At Walter Reed National Military Medical Center (WRNMMC), we can identify two patient populations who are currently fit with LGHAs: those who have NHT but have been diagnosed with APD, and those with a predominantly mild degree of sensorineural hearing loss. The goal of this quality improvement study was to compare subjective measures of hearing-aid benefit across these two patient populations fit with LGHAs in the Audiology Departments of WRNMMC to improvement patient management strategies at WRNMMC. A review of currently available literature and presentations, as well as basic and advanced audiometric findings from the patients at WRNMMC will be presented with follow-up outcome measures of hearing aid use and benefit. These results suggest a surprisingly high level of patient benefit, providing support for continued use of LGHAs as a viable treatment option for some patients with NHT and APD at WRNMMC.

The views expressed in this abstract are those of the authors and do not reflect the official policy of the Department of Army/Navy/Air Force, Department of Defense, or the U.S. Government.

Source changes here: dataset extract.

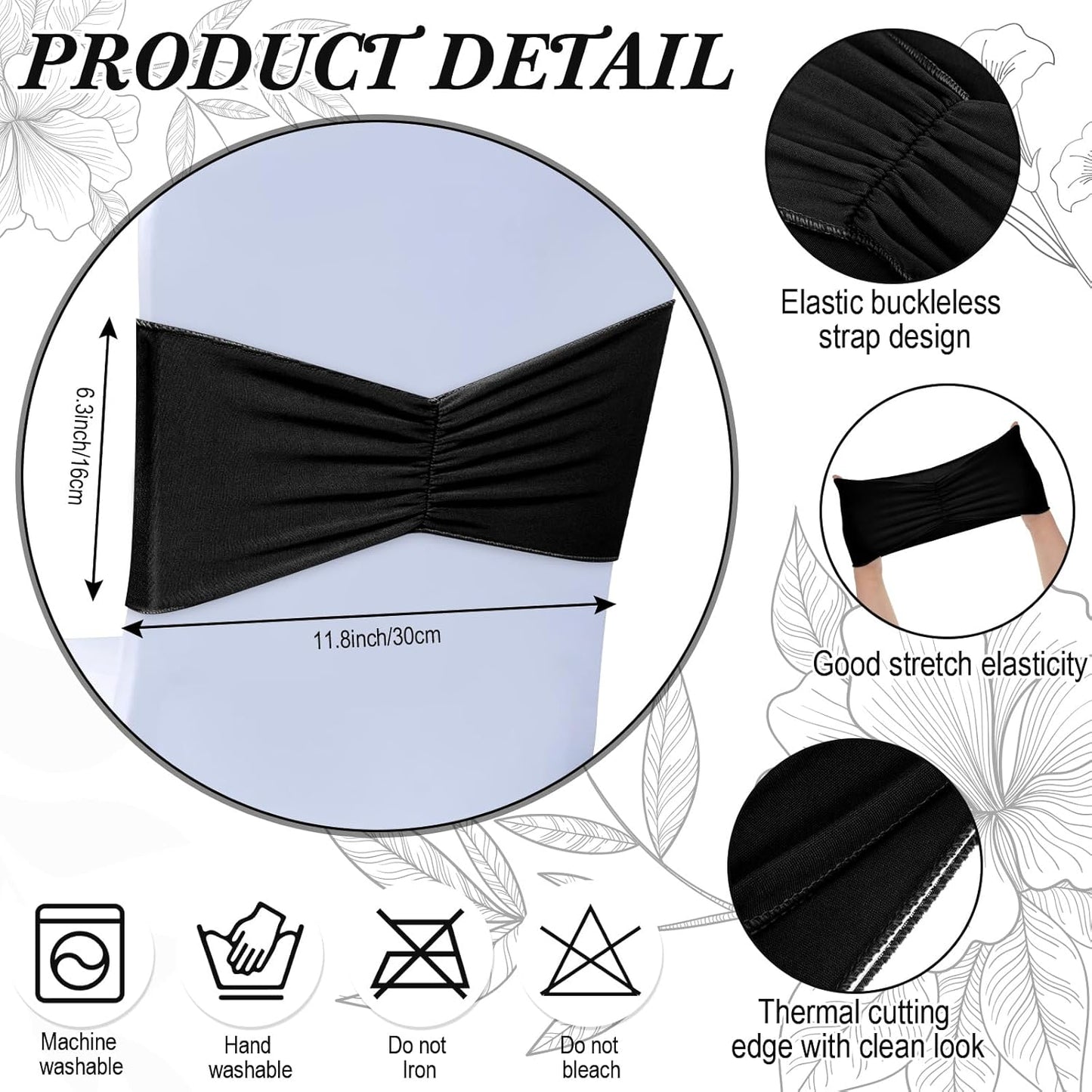 Moukeren 100 Pcs Spandex Chair Sashes Bows Bands Slider Sashes for Chair Covers Elastic Bands Ties Ribbon Decorations for Wedding Party Events Ceremony Birthday Banquet(Black)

Melissa Kokx-Ryan, AuD, CCC-A, FAAA

Audiologist, Walter Reed National Military Medical Center

Walter Reed National Military Medical Center (WRNMMC) and a PhD student at Gallaudet University. She completed her fourth-year clinical externship at the Children's Hospital of Philadelphia and earned her AuD from Gallaudet University in 2014. She is supported by an appointment to the Student Research Participation Program at the U.S. Army Public Health Center administered by the Oak Ridge Institute for Science and Education through an interagency agreement between the U.S. Department of Energy and the USAPHC. Her research interests include the study of auditory processing deficits, hearing aid applications, and hidden hearing loss. She is currently involved in several ongoing research protocols at Walter Reed, some of which include investigating the prevalence of communication problems in Service Members with blast-exposure, exploring the natural history of traumatic brain injury within a military cohort focusing on the auditory and sensorimotor impacts, and her dissertation investigating low-gain hearing aids as treatment for patients with normal hearing thresholds who exhibit auditory processing deficits.